通过 plot_confusion_matrix 函数返回的ConfusionMatrixDisplay对象的ax_属性可以访问Axes对象。

如果已有混淆矩阵，也可以直接通过ConfusionMatrixDisplay类输出混淆矩阵图。

ConfusionMatrixDisplay(confusion_matrix, display_labels) ConfusionMatrixDisplay.plot(include_values=True, cmap='viridis', xticks_rotation='horizontal', values_format=None, ax=None) disp_2 = ConfusionMatrixDisplay(disp.confusion_matrix, display_labels=[0,1,2]).plot() # disp_2.figure_.savefig() disp_2.figure_

从二分类到多分类、多标签

一些评价指标基本上是为二分类任务定义的（例如 f1_score、roc_auc_score）。在这些情况下，默认情况下仅评估 positive label。

将 binary metric 拓展到 multiclass 或 multilabel 问题时，数据将被视为二分类问题的集合，每个类都有一个metric。例如，以下两种情况都被拆分为3个二分类任务：

multiclass task: [1, 2, 3] multilabel task: [1, 0, 1]

然后各个类的metric将以某种方式作均值运算，得到的均值将作为 multiclass 或 multilabel 问题的评价指标。均值运算的方式通过 average 参数指定。

macro ：各个 binary metrics 作简单的算术平均，每个类别具有相同的权重。binary metrics 由各类的混淆矩阵得到（每个类有一个混淆矩阵）。在那些具有不频繁类别，但不频繁类仍然重要的问题上，macro-averaging是突出其性能的一种手段。但另一方面，所有类别同样重要的假设通常是不真实的，因此 macro-averaging 将过度强调不频繁类的低性能。 weighted：每个样本赋予一个权重，各个类的权重取决于它们样本的权重。所以实际上，weighted平均是加权的macro平均。 micro：各个类的混淆矩阵求和，再根据样本数求平均值（各个样本有同样的权重），得到平均混淆矩阵，最后根据平均混淆矩阵求出metric。
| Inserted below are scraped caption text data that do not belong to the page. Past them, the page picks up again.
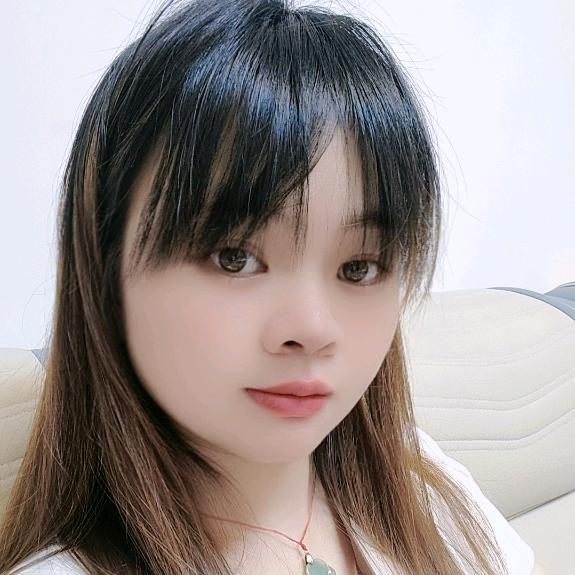 别在凌晨心动💗
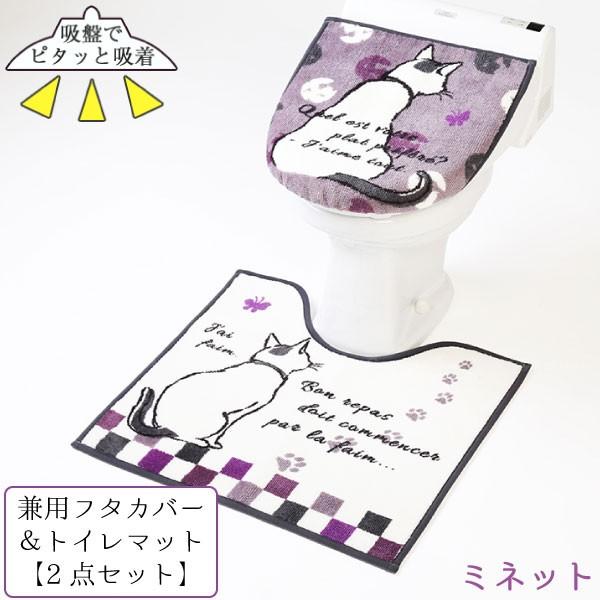 トイレット博士　27冊セット トイレット博士 27冊セット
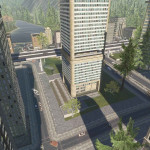 Infestation-The-New-Z-10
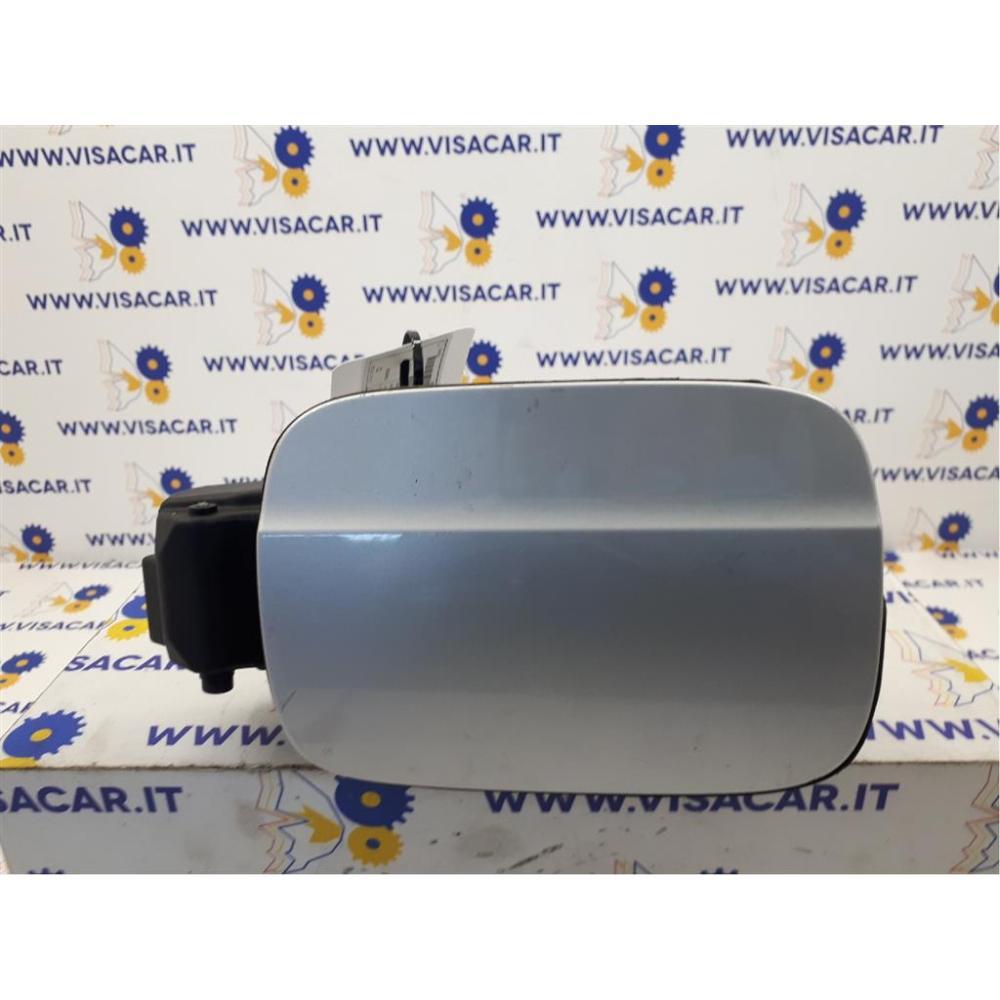 Copertura Sportello Carburante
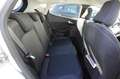 Ford Fiesta 1.5 TDCi 5 porte Titanium Grigio - thumbnail 4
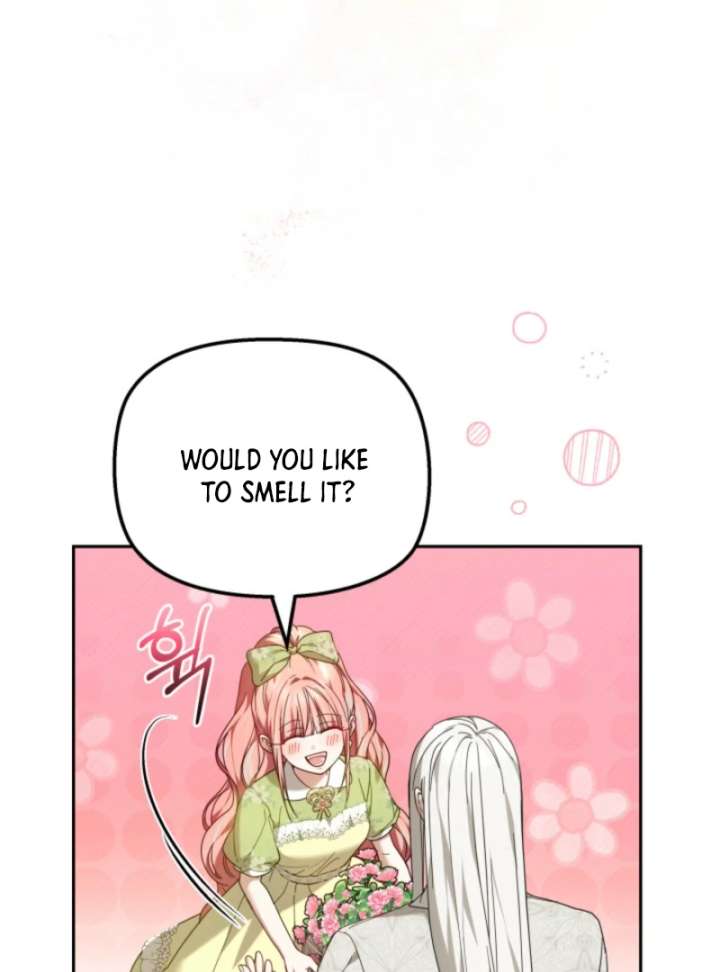 The Strong lady Wishes to Become Delicate Chapter 6 568 117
在 multilabel 任务和需要忽略频繁类的 multiclass任务中，Micro-averaging 可能是优先选择的。 samples：仅适用于 multilabel problems。各个 binary metrics 作的算术平均，binary metrics 由各样本的混淆矩阵得到（每个样本有一个混淆矩阵）。并返回 (sample_weight-weighted) 加权平均。 None：返回每个类的 score 。 precision、recall、F1

二分类

一般情况下，二分类混淆矩阵的precision、recall、F1计算公式如下：

$$ \text{precision} = \frac{TP}{TP+FP} $$

$$ \text{recall} = \frac{TP}{TP+FN} $$

$$ F1 = \frac{2\times\text{precision}\times \text{recall}}{\text{precision}+ \text{recall}} $$

如果是多分类混淆矩阵，则可能使用如下计算公式：

Macro-averaging

宏平均（Macro-averaging）是指所有类别的每一个统计指标值的算术平均值，计算公式如下：

$$ {P_{\text {macro}}=\frac{1}{n} \sum_{i=1}^{n} P_{i}} $$

$$ {R_{\text {macro}}=\frac{1}{n} \sum_{i=1}^{n} R_{i}} $$

$$ {F_{\text {macro}}=\frac{2 \times P_{\text {macro}} \times R_{\text {macro}}}{P_{\text {macro}}+R_{\text {macro}}}} $$

Micro-averaging

微平均（Micro-averaging）是对数据集中的每一个示例不分类别进行统计建立全局混淆矩阵，然后计算相应的指标。其计算公式如下：

$$ \begin{aligned} P_{\text {micro }}=\frac{\overline{T P}}{\overline{T P}+\overline{F P}}& =\frac{\frac{1}{n_{\text {class}}} \sum_{i=1}^{n} T P_{i}}{\frac{1}{n_{\text {class}}} \sum_{i=1}^{n} T P_{i}+\frac{1}{n_{\text {class}}} \sum_{i=1}^{n} F P_{i}} \\ &=\frac{\sum_{i=1}^{n} T P_{i}}{\sum_{i=1}^{n} T P_{i}+\sum_{i=1}^{n} F P_{i}} \end{aligned} $$

$$ {R_{\text {micro}}=\frac{\overline{TP}}{\overline{TP} + \overline{F N}}=\frac{\sum_{i=1}^{n} T P_{i}}{\sum_{i=1}^{n} T P_{i}+\sum_{i=1}^{n} F N_{i}}} $$

$$ {F_{\text {micro}}=\frac{2 \times P_{\text {micro}} \times R_{\text {micro}}}{P_{\text {micro}}+R_{\text {micro}}}} $$

在sklearn中，precision_score、recall_score和f1_score三个函数的接口是一致，它们拥有相同的参数。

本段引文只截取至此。